With this aim in mind, Hagopian helped organize the Garfield teachers’ 2013 boycott of the MAP standardized test. The boycott eventually included seven other SPS schools.
More recently, Hagopian and SEE organized Black Lives Matter at School. They planned this day of solidarity last fall after threats of violence resulted in the cancellation of an event at John Muir Elementary School designed to dispel stereotypes about black men. In response, SEE planned Black Lives Matter — a day when teachers wore “Black Lives Matter” shirts and taught lessons on institutional racism.
SEE expected a few dozen teachers throughout the district to participate. Instead, thousands of teachers were joined by staff and students in “Black Lives Matter” shirts. Schools throughout the district hosted rallies, while teachers shared lessons on institutional racism.
“Families flocked to schools, setting up tables with materials talking about race,” Hagopian says. “They raised issues like the suspension-rates disparity in the district, and called for ethnic studies in the curriculum.” Black Lives Matter at School received national attention and inspired similar events in other cities, including Philadelphia and New York.
Also, last year, Hagopian established the Black Education Matters Student Activist Award using money he received in a settlement with the City of Seattle (a police officer was caught on video pepper-spraying Hagopian at a Martin Luther King, Jr. Day event in 2015). To date, he’s awarded three $1,000 prizes to student activists, with applications currently open for this spring’s award.
Hagopian’s ultimate goal, he says, is to motivate students to make change: “We need to strengthen public schools to really empower all our students to use their education not just for personal gain, but to transform their communities.”
What did you want to be when you grew up?
A baseball player. Teacher might have been at the very bottom of the list.
What’s the most misunderstood part of your job?
I think the immense challenge of creating a room that respects and empowers all students with abilities beyond what can be tested. Most of what I do isn’t about a score on an exam — it’s teaching them to be more kind and collaborative, and to solve problems together.
What book saved you or changed your life?
Several. Malcolm X’s autobiography, Savage Inequalities by Jonathan Kozol, and Angela Davis’ autobiography were crucial.

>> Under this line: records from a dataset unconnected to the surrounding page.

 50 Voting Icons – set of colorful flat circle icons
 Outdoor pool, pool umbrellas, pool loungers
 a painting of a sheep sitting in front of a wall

Those three books, when I read them in college, made me want to pursue the path I’m on.
If you could have one superhero power, what would it be and why?
When I was a kid, I thought controlling time — to be able to go back and solve problems before they started. Today, I want the power to help kids solve problems in the classroom.

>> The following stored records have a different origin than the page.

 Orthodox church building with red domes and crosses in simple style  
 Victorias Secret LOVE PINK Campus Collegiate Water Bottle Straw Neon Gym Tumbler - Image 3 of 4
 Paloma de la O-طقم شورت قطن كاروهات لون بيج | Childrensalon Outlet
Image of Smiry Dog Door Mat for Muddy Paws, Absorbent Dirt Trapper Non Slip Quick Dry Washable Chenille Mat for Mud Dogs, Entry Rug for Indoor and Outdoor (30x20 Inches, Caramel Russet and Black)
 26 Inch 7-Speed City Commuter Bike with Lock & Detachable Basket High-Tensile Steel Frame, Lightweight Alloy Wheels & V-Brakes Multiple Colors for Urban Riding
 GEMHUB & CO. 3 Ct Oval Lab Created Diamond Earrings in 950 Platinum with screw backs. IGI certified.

On a rainy Pacific Northwest morning, what gets you motivated and out of bed?
My kids [Hagopian has two sons, ages 8 and 4] are the biggest motivator, whether literally — jumping on me, demanding I get up — or just their immense smiles. They make me want to get up and see what they’ll do.

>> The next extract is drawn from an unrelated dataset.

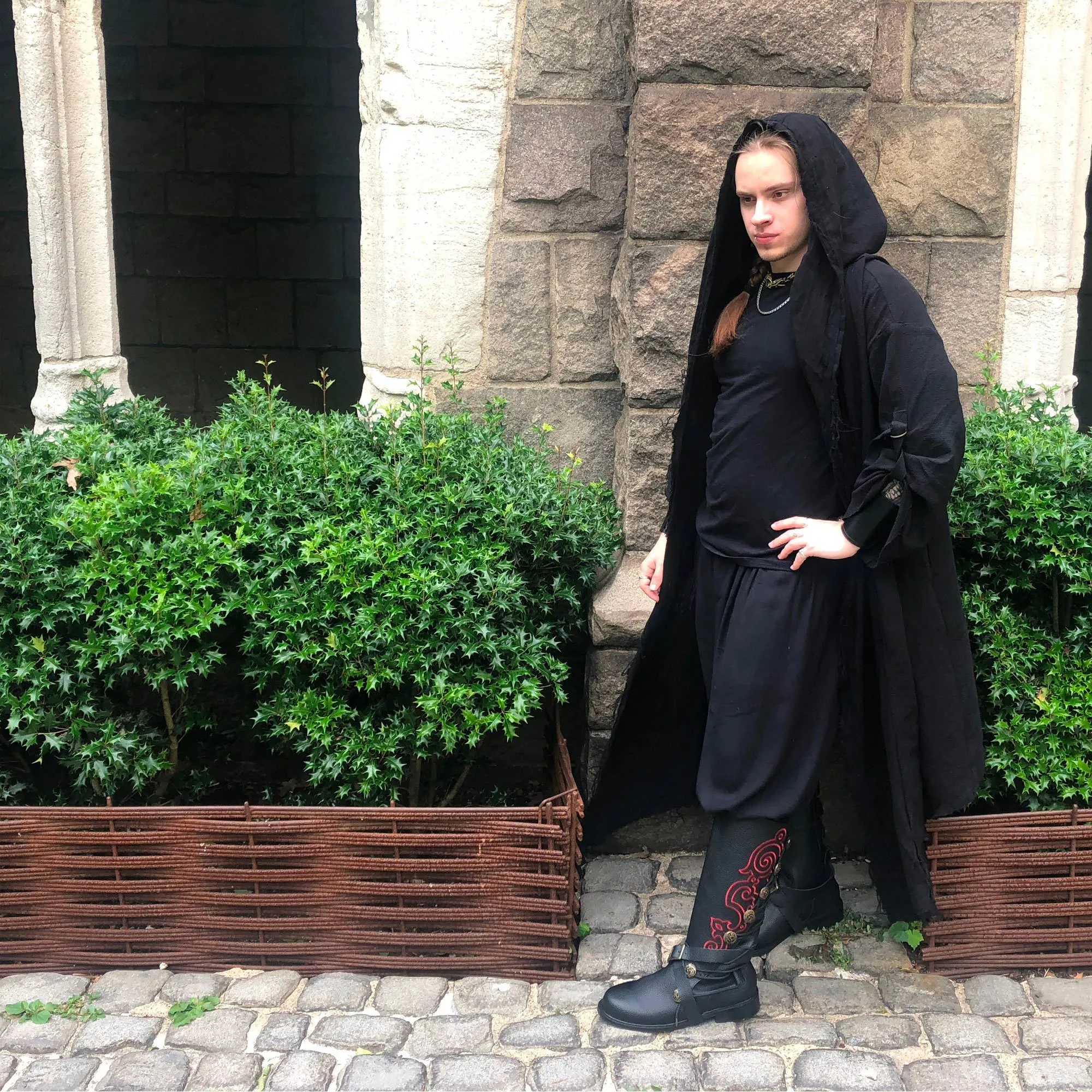 Men’s Black Leather Nobleman's Boots with Red Embroidery and Removable Straps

If you could dine with anyone, alive or dead, who would that be and why?
I’m very inspired by Angela Davis. I’ve been following her work for so long on reforming the
justice system. I’d love to get a chance to meet her.
Someone I’m really intrigued with is Emmett Till’s mom, Mamie Till. [Emmett] was lynched in the South [in 1955]. His mom was a Chicago public school teacher. Her decision to show the world what they did helped catalyze the civil rights movement. She was also an activist for education and teachers’ rights. She fought unfair standardized tests that were used to keep black teachers from getting full-time employment status. She helped transform the world.
As a musician, I would love to get to meet Billie Holiday. She transformed music with her approach to rhythm, but she also used her platform to speak out on social issues. She used “Strange Fruit” to launch her solo career against all advice, and it emboldened so many others.